Friday, April 11, 2008


One of the things that I've been big on lately is communities. Communities for geeks, communities for photographers, communities for just random social coffee drinking. You know, just groups of people getting together for no other reason than having a common passion for something beautiful.

Today was the meetup of the Austin chapter of ASMP. ASMP is the American Society of Media Photographers. A few of the local pros and a handful of the amateurs were there, including Kirk Tuck and Jay B. Sauceda. It's fascinating to listen to these guys talk so matter-of-factly about photography.

So, this morning, we're all sitting around the table BSing and Kirk brings up a story about one of his friends (who's a psychiatrist by trade ... we'll call him Bob because I didn't catch his name) who's doing a shoot with some models around a pool for some company. Kirk happened to be there and was talking to Bob as the shoot was wrapping up. Kirk asked if Bob remembered to get the model releases signed.

"Model releases?"

Oy. So, Kirk ran off to get a stack of his blank releases to loan Bob and made sure that everyone shot signed them. Later, Bob was in discussions with the hiring company about the job. We learned that Bob had taken the job on a verbal agreement. Double oy! Well, during the discussion with the company, they basically stated, "We paid you, we want all the rights and there's nothing you can do about it. We'll use the photos however we want." They appeared to be in a position of power. With no written contract it looked like Bob was up a creek.

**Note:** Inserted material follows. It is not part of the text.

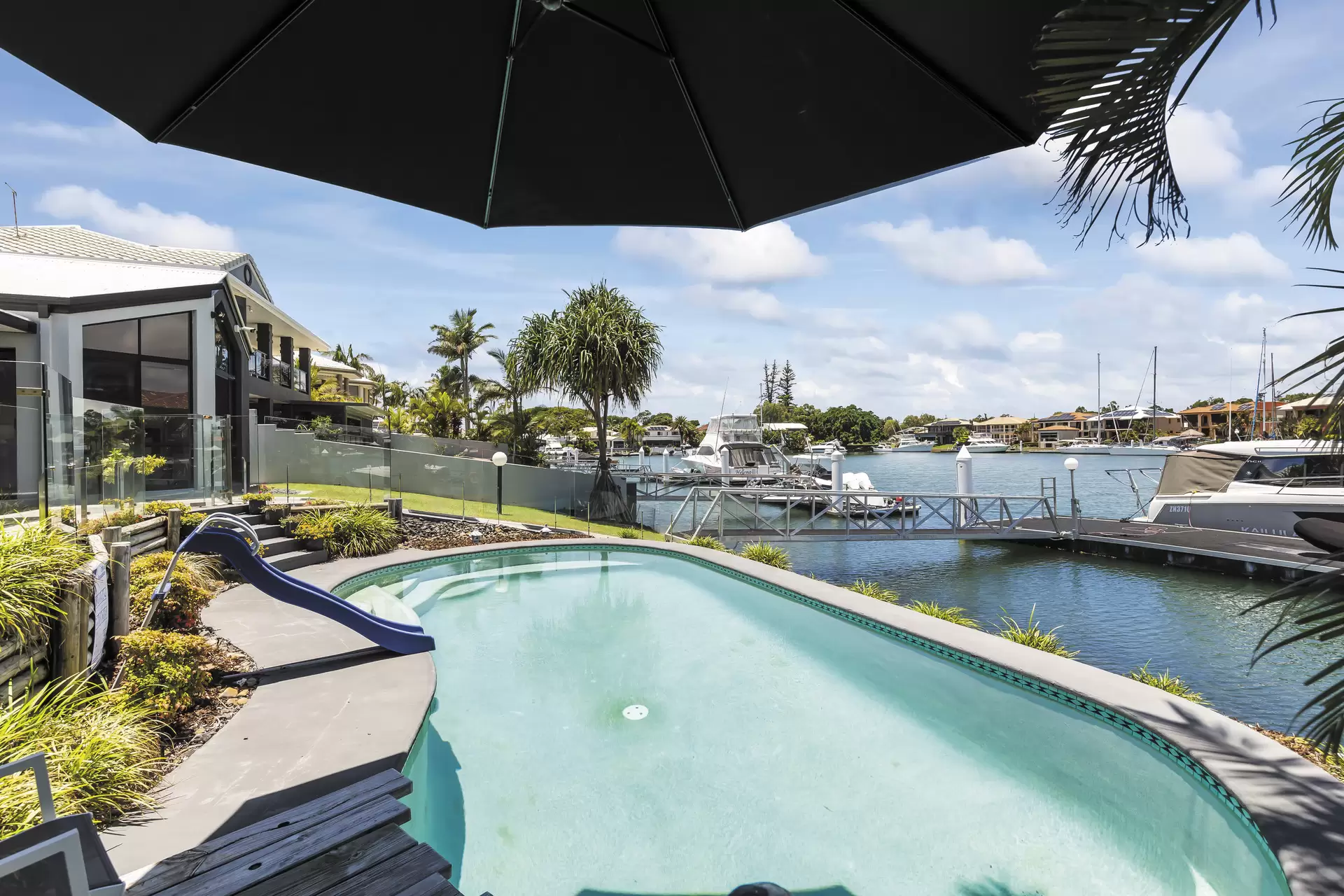 4 Marram Court, Raby Bay Sold by Queensland Sotheby's International Realty - image 1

"But, you don't have the model releases. I do."

Without those releases, the photos couldn't be used commercially. The tone of the meeting changed immediately after that into one where the company was more agreeable to negotiation. Bob had his trump card in the model releases.

This story was quite eye-opening. I can't say that I'm very savvy on the business side of photography (but I'm getting there!) and I'm learning more everyday. But, the story reminded me of how important it was to do two simple things: always have a written contract and always get a release for the photo. What's even more amazing about this story is that, had there not been someone who had previously gone through this to tell the story to others, I'm sure I would have encountered the same situation at some point in my budding photography career.

While there, people were passing around a book, How to Succeed in Commercial Photography: Insights from a Leading Consultant. It's apparently one of the best books out there dealing with commercial photography. I think I'll be getting it soon. I didn't get long to look at it ... mostly enough time to take a picture of the ISBN for later. But, it certainly looked short and too the point.